Designers and manufacturers created soft and sheltering surroundings for consumers to hunker down in. They combined the trends by producing shag rugs in such environmentally conscious materials as bamboo, jute, and recycled newspapers. One carpet maker has even produced multicolored shag with a pixilated look that appeals to our increasingly digital way of seeing.
Beards began to be fuller and more numerous on the street, a phenomenon that probably signals the end of the fast-track career. A man with a beard is likely taking time, voluntarily or not, to figure out who he should become.
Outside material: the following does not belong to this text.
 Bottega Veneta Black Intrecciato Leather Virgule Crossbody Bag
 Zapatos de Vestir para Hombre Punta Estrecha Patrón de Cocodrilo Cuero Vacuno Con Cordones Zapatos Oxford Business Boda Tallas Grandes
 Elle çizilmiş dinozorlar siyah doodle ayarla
Despite the similarities, there are at least two things about our new funk that is very different from that of the '70s. For one thing, the economics of the downturn are almost the opposite of that of the '70s. Back then, the biggest problem was rapidly rising prices. If you had money and a job, you wanted to buy now, before prices went up. This helped train baby boomers to live on credit, and drove a new kind of consumer culture that embraced Japanese cars and microwave ovens - both of which caught on during that decade - as well as such short-lived frivolities as hot pants and Pet Rocks. Fashion went to extremes: men wore densely striped suits with flapping lapels, patterned shirts, and bib-like ties, while women bought embroidered handbags and peasant-look fashions.
Now, deflation is the threat, and many consumers may be inclined to wait and see if prices go down. If we don't go shopping, designers and merchants won't be turning out the kind of imaginative products and ideas that gave the 1970s such a distinctive, if mixed, stylistic heritage.
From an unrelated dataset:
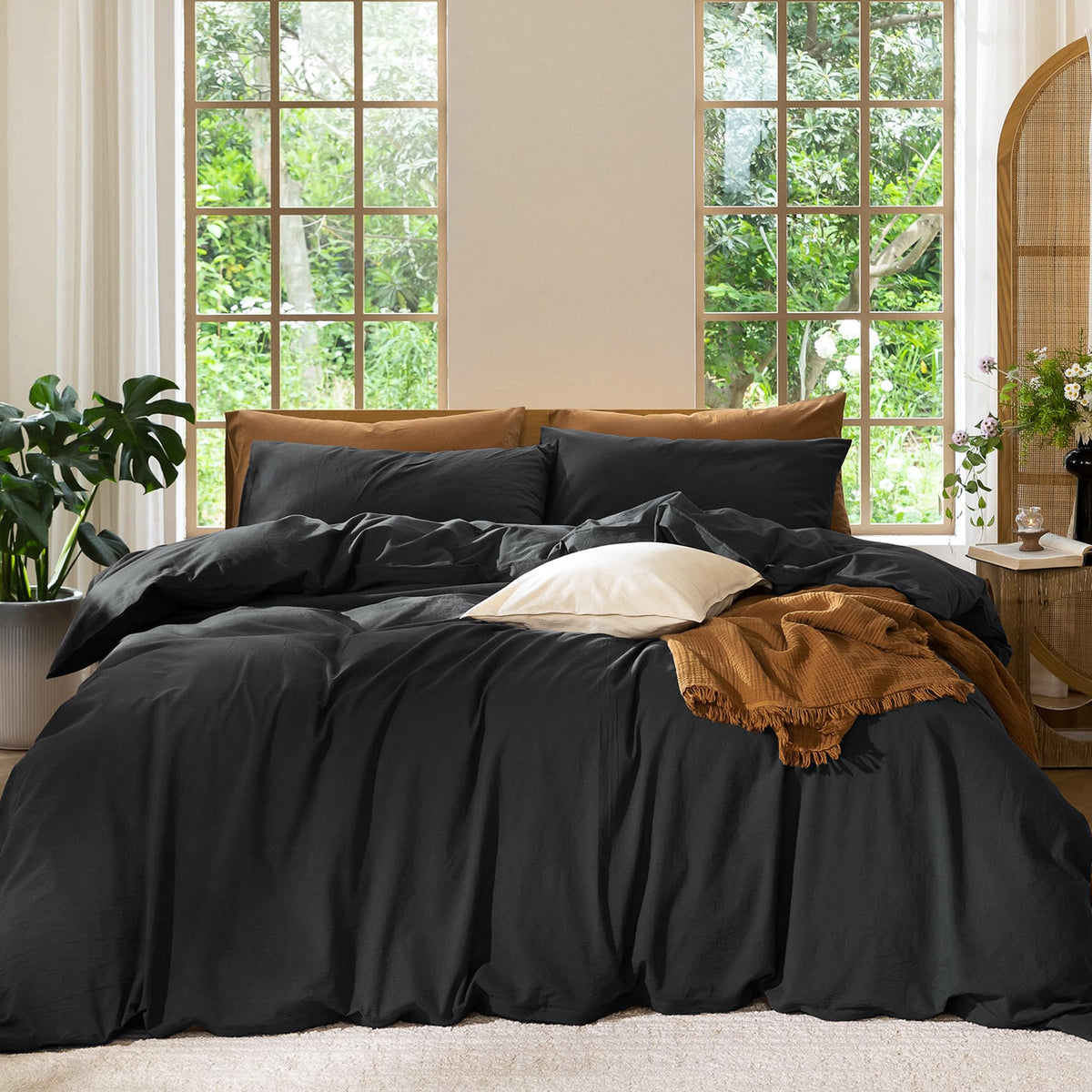MooMee Duvet Cover Set 100% Washed Cotton Linen Like King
The other difference is that the '70s recognized the failure of its institutions and expectations far more comprehensively than we have. In effect, America declared moral and intellectual bankruptcy and reorganized - creating new zones of freedom in which people found opportunities for liberation. Punks made a style out of social collapse. Gays, old people, computer hobbyists, and evangelicals created societies of their own - and gave rise to inventions, such as the personal computer and the megachurch, that had a profound impact on contemporary life.
President Obama's oft-stated goal is to bring America together again, which means essentially to undo the shattering of the '70s and agree on some core American values. Much of the time, however, he has been advocating the bailout of systems and institutions that he acknowledges have failed. If we're in a time of transformation, we may be closer to the beginning of the crisis than the end.
The example of the 1970s suggests that times like these bring changes that can have profound effects on decades to come. The aesthetic of that time - clashing, chaotic, eclectic, and textured - still speaks vividly about the era's struggle and creative response. It remains to be seen whether we will go beyond simply reviving the looks of the '70s, and find equally compelling new ways to see, to live, and to be.
To paraphrase George Clinton, you gotta have The Great Funk.